Note: If you’re a more advanced runner or are in decent shape, you can have 2 workout days (no more than 2) and you can design them so that they’re more challenging. Workout days and the long run are your most important runs of the week. All of the other days are dedicated to recovering and keeping your legs loose.
4. Cross Train and Take Rest Days
Sometimes your legs and joints need a break from all of the pounding against the pavement, especially after intense runs or long runs. Go on a walk or a bike ride. Hop on an elliptical and work out for 45 minutes. Go swimming, climbing, or do exercises similar to BBG or Bar Pilates to strengthen your core, shoulders, hip flexors, and legs.
It’s easy to get burnt out from running, and so to enjoy it, don’t overdo it.
Also, if you’re hurting or sick, rest. There’s no point in going out on a run if it isn’t going to be done with quality. Sometimes resting is more beneficial.
5. Hip Exercises
Having weak hips can lead to something called “runner’s knee”, where you feel pain in/around your kneecap or in the back of your knees. This is why it’s important to incorporate hip exercises into your daily routine so that you can strengthen your hips and run pain free.

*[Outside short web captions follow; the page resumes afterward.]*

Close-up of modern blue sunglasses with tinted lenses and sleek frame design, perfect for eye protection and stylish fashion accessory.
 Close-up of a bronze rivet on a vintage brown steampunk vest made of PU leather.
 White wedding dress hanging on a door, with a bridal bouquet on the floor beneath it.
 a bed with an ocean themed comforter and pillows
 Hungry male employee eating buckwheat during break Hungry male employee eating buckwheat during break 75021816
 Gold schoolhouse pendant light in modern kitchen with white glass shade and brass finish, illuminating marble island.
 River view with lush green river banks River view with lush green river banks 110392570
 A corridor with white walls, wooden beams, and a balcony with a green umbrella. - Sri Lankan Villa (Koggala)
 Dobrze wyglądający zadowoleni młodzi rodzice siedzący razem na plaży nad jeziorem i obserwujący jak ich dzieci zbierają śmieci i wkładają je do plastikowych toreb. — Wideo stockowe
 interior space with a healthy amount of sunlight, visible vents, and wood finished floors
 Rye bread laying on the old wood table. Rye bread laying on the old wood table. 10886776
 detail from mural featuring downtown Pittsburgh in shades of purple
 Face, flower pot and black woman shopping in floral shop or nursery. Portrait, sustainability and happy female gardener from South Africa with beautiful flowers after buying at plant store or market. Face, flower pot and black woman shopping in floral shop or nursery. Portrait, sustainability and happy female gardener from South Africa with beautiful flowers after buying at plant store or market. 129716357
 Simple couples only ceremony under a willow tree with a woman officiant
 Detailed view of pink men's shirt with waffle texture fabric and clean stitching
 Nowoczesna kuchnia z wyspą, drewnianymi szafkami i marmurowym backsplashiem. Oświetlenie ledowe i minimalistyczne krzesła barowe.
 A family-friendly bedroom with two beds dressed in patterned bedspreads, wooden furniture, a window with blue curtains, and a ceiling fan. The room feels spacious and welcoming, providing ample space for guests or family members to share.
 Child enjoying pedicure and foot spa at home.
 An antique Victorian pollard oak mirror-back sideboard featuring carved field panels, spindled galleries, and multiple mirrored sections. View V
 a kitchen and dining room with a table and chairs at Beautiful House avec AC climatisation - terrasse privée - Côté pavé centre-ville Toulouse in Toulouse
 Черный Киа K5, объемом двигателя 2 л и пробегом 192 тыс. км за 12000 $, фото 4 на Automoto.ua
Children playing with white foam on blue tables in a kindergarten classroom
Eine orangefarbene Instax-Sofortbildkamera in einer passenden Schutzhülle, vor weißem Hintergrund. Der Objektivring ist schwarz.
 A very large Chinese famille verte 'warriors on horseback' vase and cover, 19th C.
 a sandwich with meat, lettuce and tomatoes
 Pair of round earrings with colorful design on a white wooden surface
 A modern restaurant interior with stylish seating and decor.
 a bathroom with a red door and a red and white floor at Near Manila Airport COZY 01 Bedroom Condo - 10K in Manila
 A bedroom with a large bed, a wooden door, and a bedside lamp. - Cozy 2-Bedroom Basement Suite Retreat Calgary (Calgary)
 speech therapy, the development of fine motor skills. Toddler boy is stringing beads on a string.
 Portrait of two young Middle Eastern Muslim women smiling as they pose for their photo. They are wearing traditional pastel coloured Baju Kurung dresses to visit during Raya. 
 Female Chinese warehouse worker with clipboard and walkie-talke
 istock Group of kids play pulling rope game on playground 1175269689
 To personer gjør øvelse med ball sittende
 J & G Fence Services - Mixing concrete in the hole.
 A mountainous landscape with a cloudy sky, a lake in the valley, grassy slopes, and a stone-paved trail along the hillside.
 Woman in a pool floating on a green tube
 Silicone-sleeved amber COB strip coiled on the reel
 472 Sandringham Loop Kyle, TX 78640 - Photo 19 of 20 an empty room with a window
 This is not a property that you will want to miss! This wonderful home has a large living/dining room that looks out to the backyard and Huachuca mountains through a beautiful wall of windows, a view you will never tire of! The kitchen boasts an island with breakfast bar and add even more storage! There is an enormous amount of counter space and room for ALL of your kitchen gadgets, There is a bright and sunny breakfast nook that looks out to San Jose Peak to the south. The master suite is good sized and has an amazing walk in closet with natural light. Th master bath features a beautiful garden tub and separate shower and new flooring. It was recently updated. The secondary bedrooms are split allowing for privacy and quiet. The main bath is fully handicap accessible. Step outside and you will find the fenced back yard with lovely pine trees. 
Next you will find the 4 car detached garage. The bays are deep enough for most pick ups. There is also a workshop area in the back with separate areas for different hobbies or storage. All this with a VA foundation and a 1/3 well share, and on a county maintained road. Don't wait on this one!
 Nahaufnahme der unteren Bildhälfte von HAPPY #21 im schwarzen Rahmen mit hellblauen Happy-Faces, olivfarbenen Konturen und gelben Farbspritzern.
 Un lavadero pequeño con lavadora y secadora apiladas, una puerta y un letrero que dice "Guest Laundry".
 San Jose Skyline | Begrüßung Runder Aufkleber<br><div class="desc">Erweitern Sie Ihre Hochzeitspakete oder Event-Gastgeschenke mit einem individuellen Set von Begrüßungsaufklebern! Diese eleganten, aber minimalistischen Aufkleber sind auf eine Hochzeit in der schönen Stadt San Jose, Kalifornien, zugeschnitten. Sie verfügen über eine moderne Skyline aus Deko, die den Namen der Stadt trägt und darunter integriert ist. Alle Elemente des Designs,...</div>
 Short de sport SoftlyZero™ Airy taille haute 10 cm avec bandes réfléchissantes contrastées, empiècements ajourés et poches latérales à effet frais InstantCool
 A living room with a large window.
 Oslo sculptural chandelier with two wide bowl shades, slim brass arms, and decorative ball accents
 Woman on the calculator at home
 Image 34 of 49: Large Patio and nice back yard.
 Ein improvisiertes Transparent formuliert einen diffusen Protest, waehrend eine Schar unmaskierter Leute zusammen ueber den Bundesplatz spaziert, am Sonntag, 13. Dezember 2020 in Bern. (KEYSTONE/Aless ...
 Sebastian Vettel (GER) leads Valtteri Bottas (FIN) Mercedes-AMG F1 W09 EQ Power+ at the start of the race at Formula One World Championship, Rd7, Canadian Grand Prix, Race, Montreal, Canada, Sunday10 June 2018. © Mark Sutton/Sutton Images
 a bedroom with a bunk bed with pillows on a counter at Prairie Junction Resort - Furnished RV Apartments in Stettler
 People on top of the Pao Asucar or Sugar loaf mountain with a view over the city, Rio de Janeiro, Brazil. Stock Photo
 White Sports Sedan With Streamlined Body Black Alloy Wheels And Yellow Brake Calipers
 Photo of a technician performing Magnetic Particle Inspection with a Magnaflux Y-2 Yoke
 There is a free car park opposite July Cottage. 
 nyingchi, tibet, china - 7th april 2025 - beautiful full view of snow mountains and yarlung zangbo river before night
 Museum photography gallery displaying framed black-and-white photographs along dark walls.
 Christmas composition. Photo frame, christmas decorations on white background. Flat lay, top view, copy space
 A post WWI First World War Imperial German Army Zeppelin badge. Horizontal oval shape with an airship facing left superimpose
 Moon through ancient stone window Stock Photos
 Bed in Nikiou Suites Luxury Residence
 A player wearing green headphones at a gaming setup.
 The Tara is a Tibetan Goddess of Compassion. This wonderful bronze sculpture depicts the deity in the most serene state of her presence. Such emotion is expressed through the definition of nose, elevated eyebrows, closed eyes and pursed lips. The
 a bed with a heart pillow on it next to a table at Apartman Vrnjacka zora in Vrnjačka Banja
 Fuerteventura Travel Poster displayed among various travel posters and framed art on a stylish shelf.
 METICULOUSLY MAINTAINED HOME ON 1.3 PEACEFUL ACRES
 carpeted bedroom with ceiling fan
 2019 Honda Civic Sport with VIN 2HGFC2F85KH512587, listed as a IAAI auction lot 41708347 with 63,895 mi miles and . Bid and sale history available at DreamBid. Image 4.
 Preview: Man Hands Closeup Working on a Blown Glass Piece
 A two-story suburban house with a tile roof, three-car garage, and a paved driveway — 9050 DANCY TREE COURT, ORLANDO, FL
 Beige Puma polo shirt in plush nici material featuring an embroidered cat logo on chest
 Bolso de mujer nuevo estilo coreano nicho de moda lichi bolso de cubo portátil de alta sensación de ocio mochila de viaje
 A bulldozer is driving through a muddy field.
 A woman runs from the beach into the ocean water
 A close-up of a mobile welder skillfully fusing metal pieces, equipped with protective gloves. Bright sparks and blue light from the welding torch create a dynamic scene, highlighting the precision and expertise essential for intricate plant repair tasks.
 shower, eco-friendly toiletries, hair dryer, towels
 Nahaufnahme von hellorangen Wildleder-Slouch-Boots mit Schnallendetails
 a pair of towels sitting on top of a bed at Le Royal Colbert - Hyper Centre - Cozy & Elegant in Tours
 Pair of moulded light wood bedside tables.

Some of my favorite hip exercises are: squats, clamshells, hip thrusts, side leg lifts.
I generally squat sporadically throughout the day when I have time, and then at the end of every night, I’ll do the other three hip exercises. I tend to do ten on each side for each of the exercises. The exercises have tremendously helped in eliminating any hip pain during long runs.
Don’t forget to have fun! Sign up for races to do with friends and train with them.
The best part about signing up for a race is that it gives you a tangible goal to work towards. Signing up for one with a friend may mean that you guys can train together and hold each other accountable during workout runs. Trust me, it’s nice to have someone pushing you.